╔══

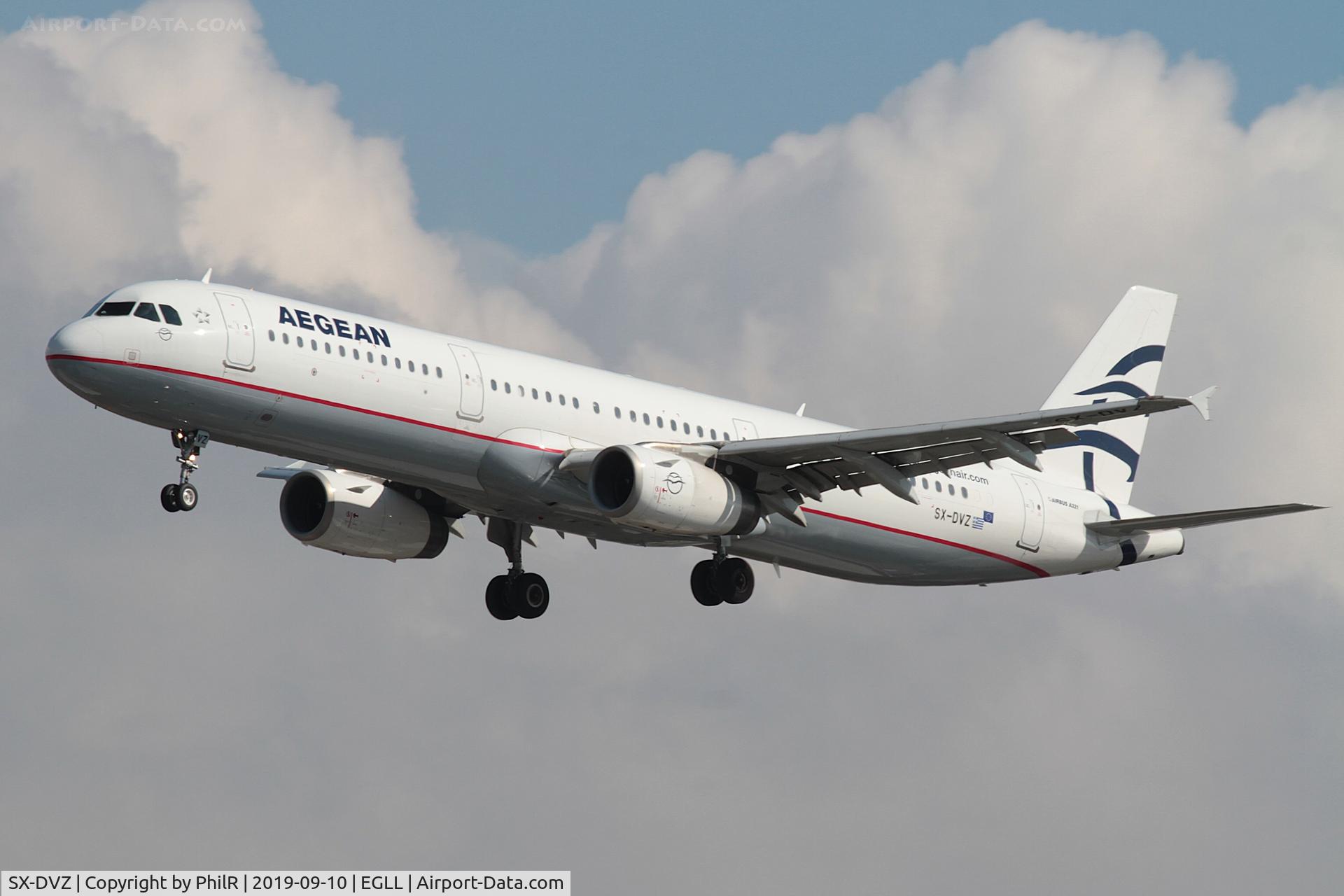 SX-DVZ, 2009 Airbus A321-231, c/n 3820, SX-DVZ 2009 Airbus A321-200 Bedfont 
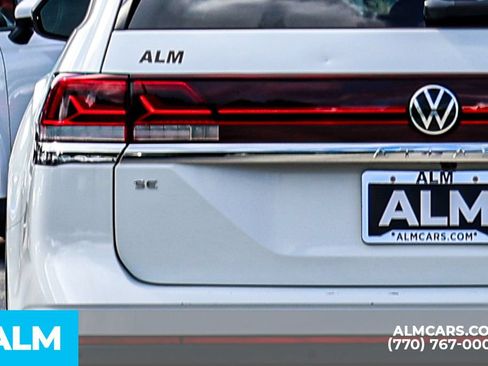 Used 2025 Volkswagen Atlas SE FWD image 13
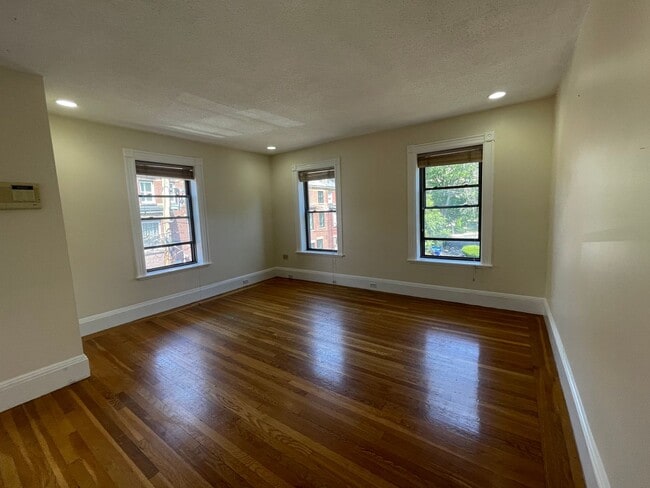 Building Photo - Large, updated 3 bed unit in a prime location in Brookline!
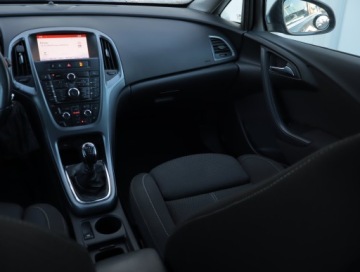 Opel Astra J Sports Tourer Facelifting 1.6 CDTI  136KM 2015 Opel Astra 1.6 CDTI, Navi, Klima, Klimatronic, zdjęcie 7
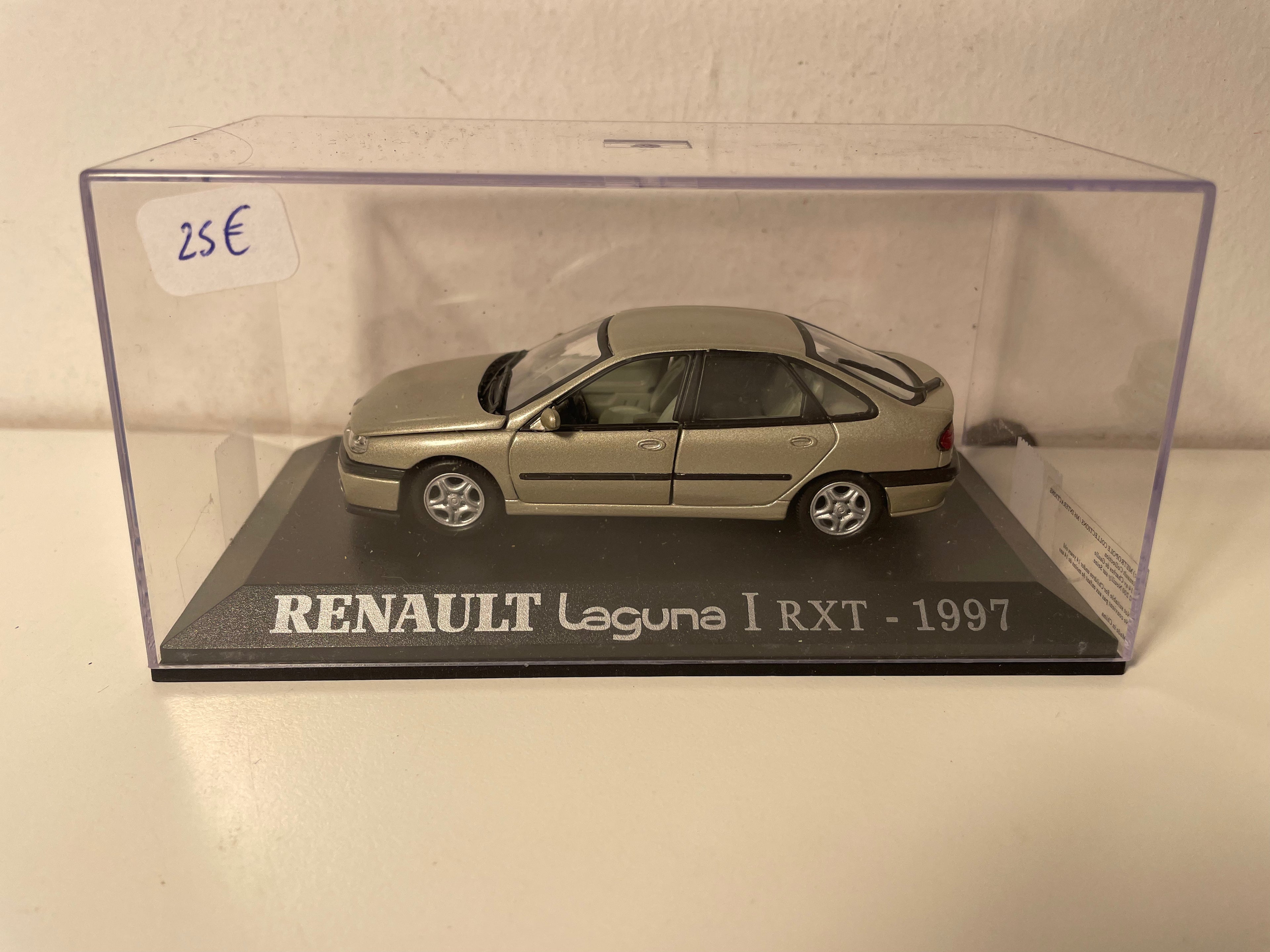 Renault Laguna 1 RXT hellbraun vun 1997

╚══

• **Exercise details**
Every line from the one containing "Building Photo - Large, updated" through the end of the entries above is to be copied exactly; pictures are to be left out.

• **Written solution**
 Building Photo - Large, updated 3 bed unit in a prime location in Brookline!
 Opel Astra J Sports Tourer Facelifting 1.6 CDTI  136KM 2015 Opel Astra 1.6 CDTI, Navi, Klima, Klimatronic, zdjęcie 7
 Renault Laguna 1 RXT hellbraun vun 1997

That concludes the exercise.